- **Work to be completed**
Under this line are records; the part from the line containing "Here we have" through the line containing "Hello. I'm going" should be repeated exactly. Please exclude pictures.

(Collected data entries)
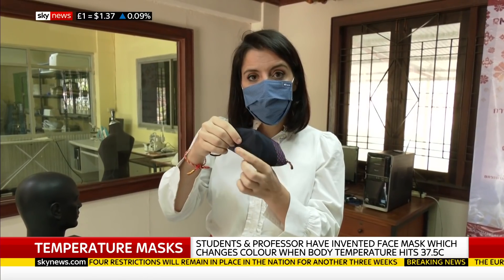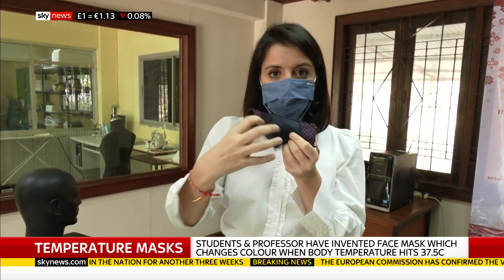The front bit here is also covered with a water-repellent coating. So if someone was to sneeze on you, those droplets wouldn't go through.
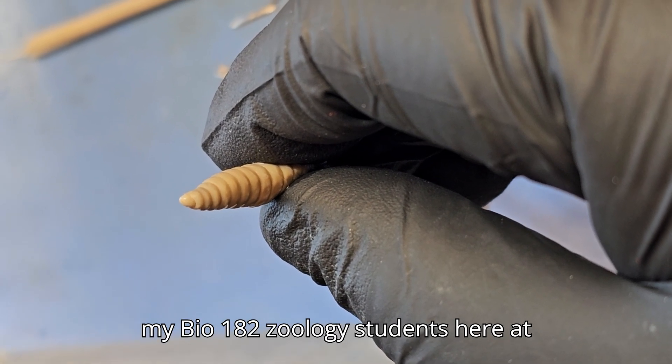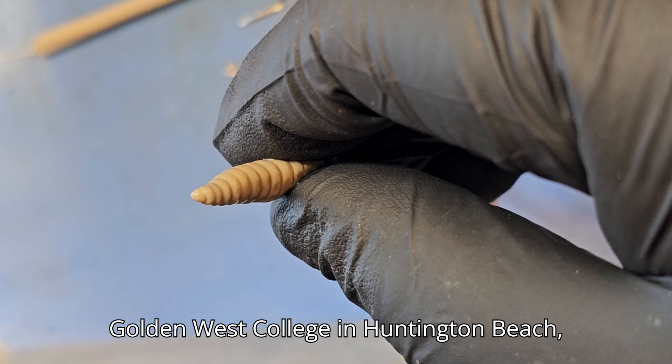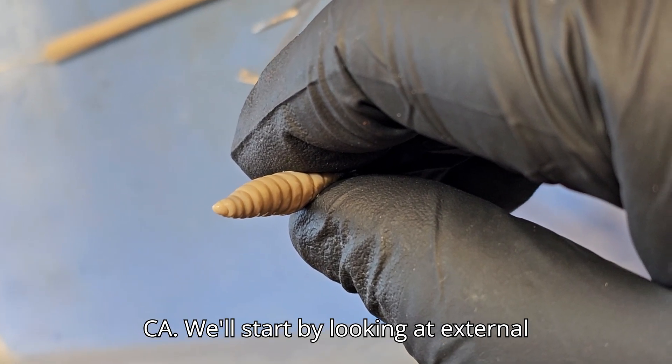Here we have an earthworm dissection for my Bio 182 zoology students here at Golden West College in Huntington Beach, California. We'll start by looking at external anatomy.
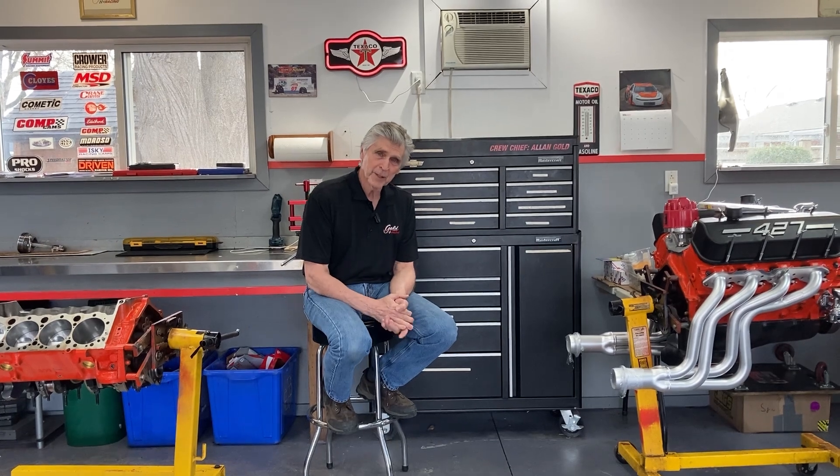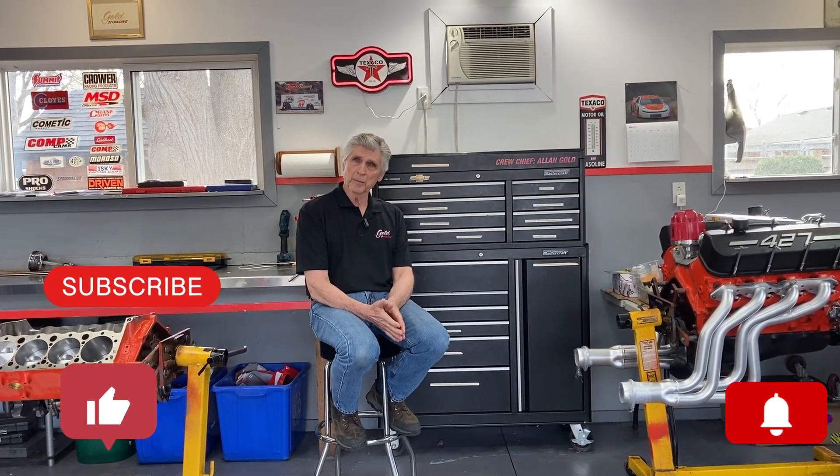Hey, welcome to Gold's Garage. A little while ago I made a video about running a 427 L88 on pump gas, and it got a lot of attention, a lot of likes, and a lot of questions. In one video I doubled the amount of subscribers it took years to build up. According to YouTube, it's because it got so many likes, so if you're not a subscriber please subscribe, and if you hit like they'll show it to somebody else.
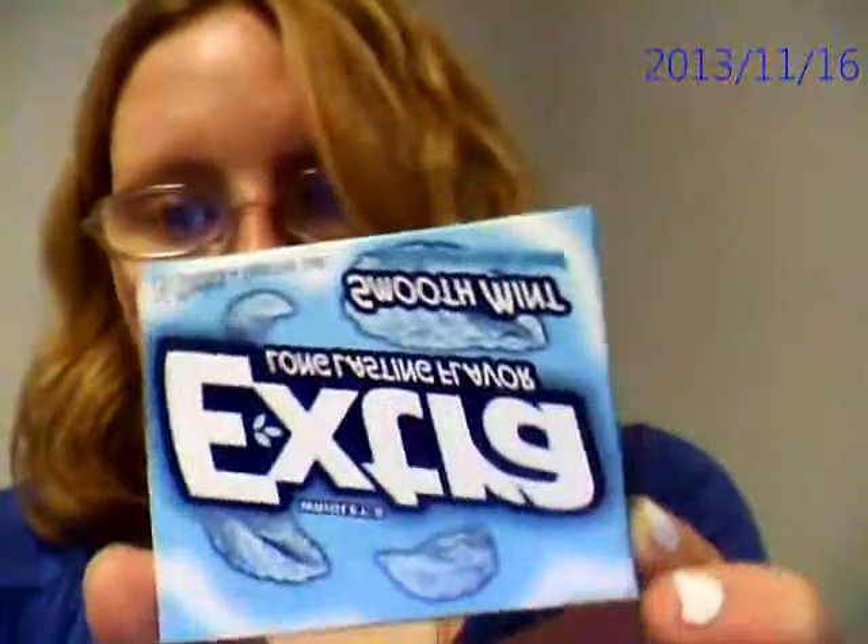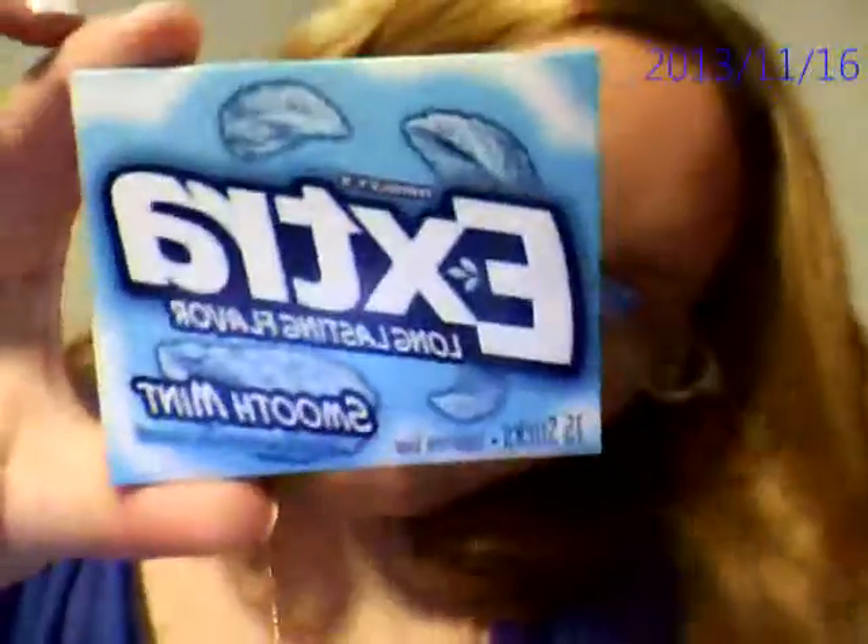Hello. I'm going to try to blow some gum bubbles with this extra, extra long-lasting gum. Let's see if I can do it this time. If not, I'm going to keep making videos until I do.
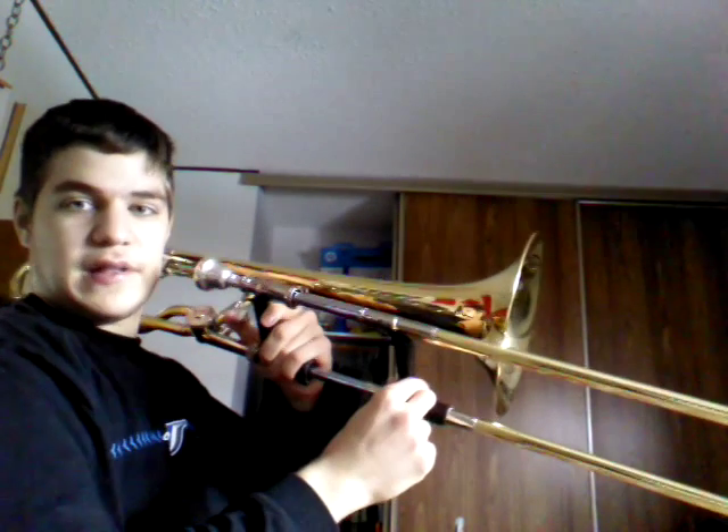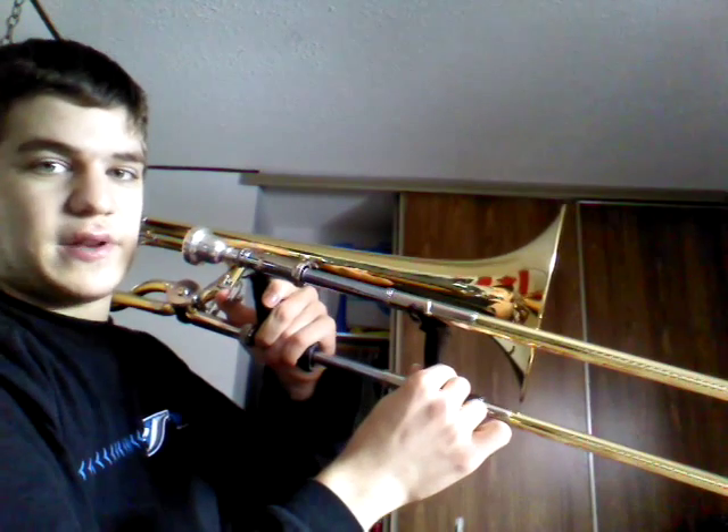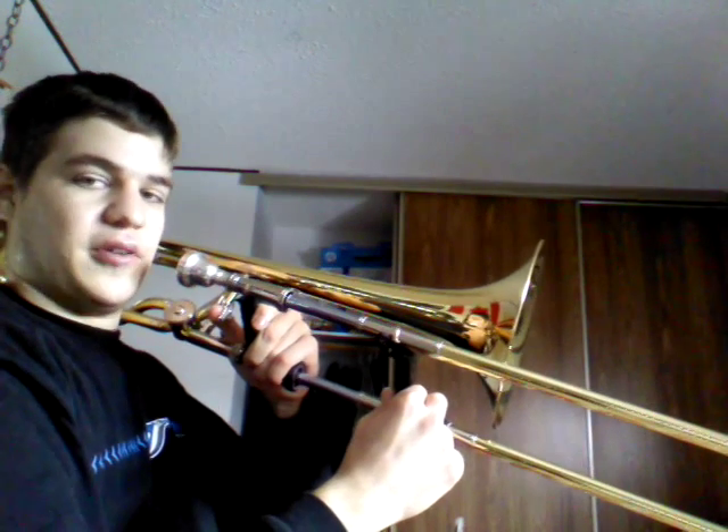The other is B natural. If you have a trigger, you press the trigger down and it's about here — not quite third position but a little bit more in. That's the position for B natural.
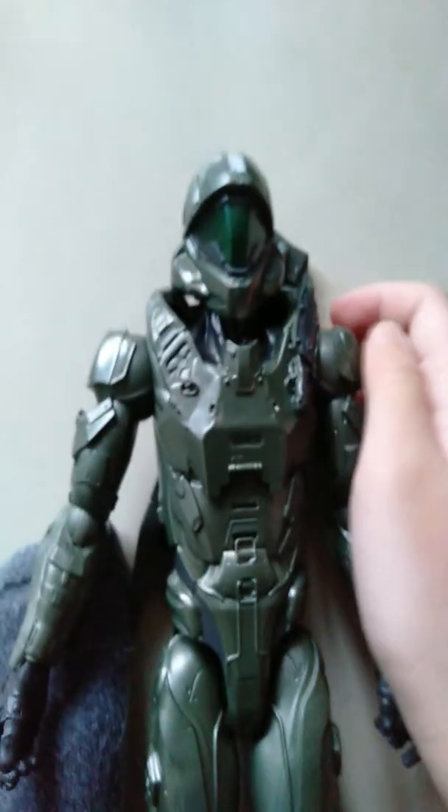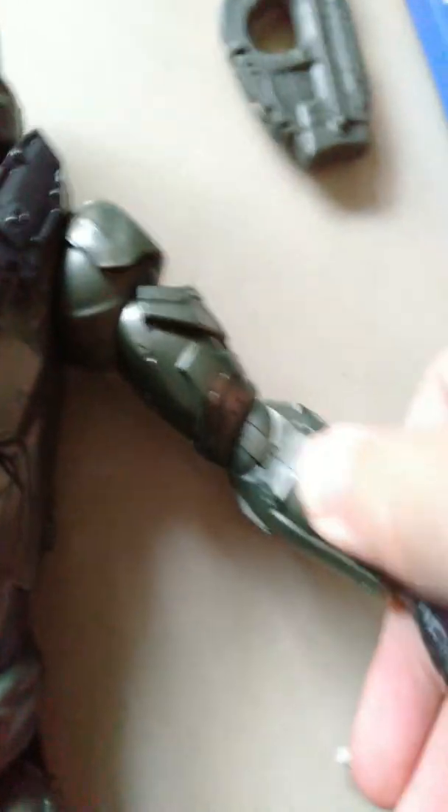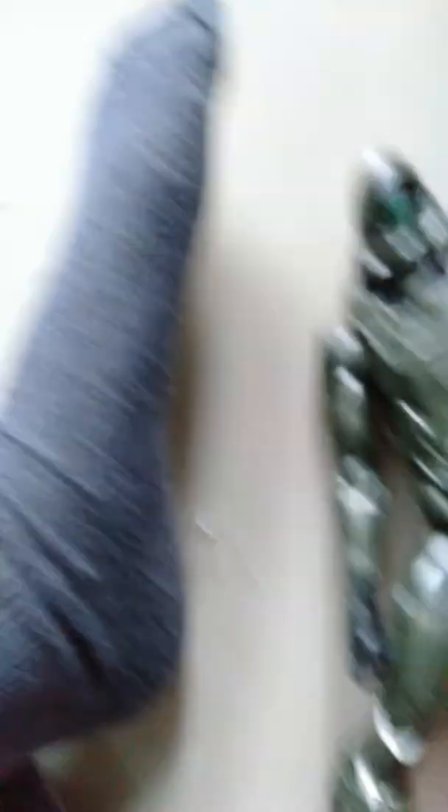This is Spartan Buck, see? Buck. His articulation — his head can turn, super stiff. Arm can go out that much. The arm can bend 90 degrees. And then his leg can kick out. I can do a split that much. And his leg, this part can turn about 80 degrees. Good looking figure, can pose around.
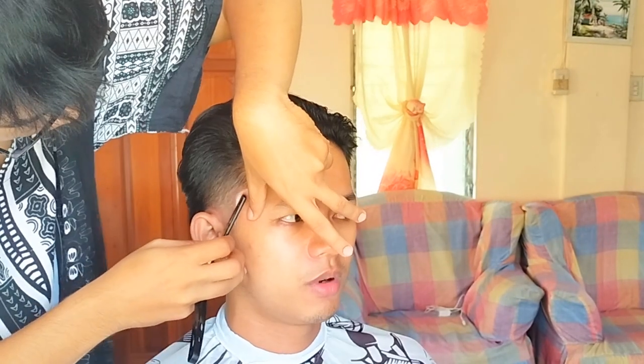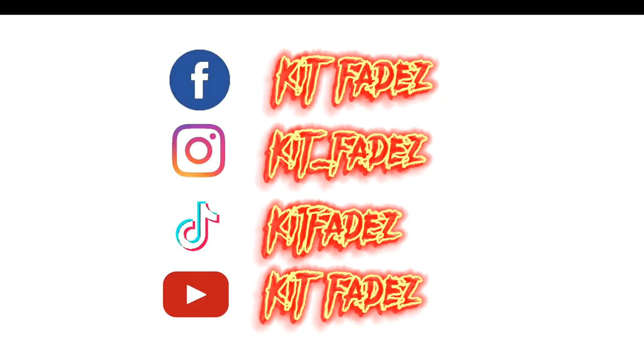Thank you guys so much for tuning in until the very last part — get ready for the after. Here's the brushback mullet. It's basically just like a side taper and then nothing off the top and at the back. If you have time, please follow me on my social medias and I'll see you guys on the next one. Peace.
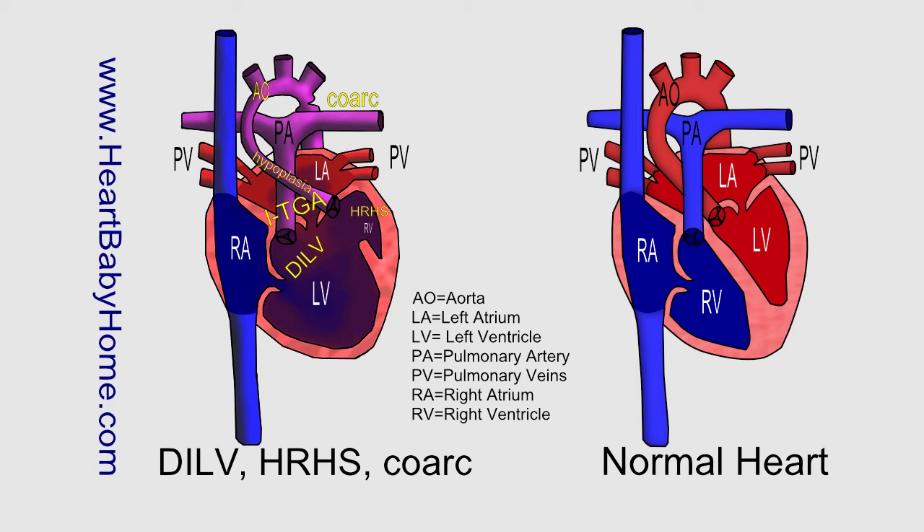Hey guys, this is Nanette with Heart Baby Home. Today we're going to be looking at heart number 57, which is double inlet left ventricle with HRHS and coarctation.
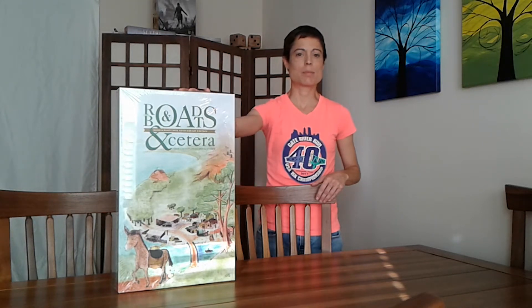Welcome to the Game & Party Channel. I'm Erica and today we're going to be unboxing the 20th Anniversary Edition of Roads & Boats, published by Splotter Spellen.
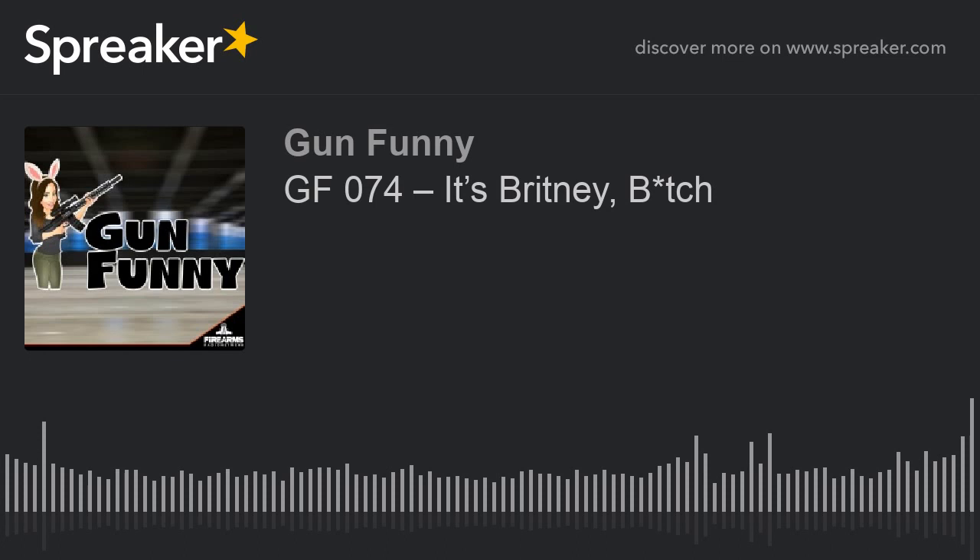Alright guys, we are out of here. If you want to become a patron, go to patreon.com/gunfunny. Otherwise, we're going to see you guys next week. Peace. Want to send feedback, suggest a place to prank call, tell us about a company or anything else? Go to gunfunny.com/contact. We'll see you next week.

- **Answer area**
Here we have an earthworm dissection for my Bio 182 zoology students here at Golden West College in Huntington Beach, California. We'll start by looking at external anatomy.
Hey, welcome to Gold's Garage. A little while ago I made a video about running a 427 L88 on pump gas, and it got a lot of attention, a lot of likes, and a lot of questions. In one video I doubled the amount of subscribers it took years to build up. According to YouTube, it's because it got so many likes, so if you're not a subscriber please subscribe, and if you hit like they'll show it to somebody else.
Hello. I'm going to try to blow some gum bubbles with this extra, extra long-lasting gum. Let's see if I can do it this time. If not, I'm going to keep making videos until I do.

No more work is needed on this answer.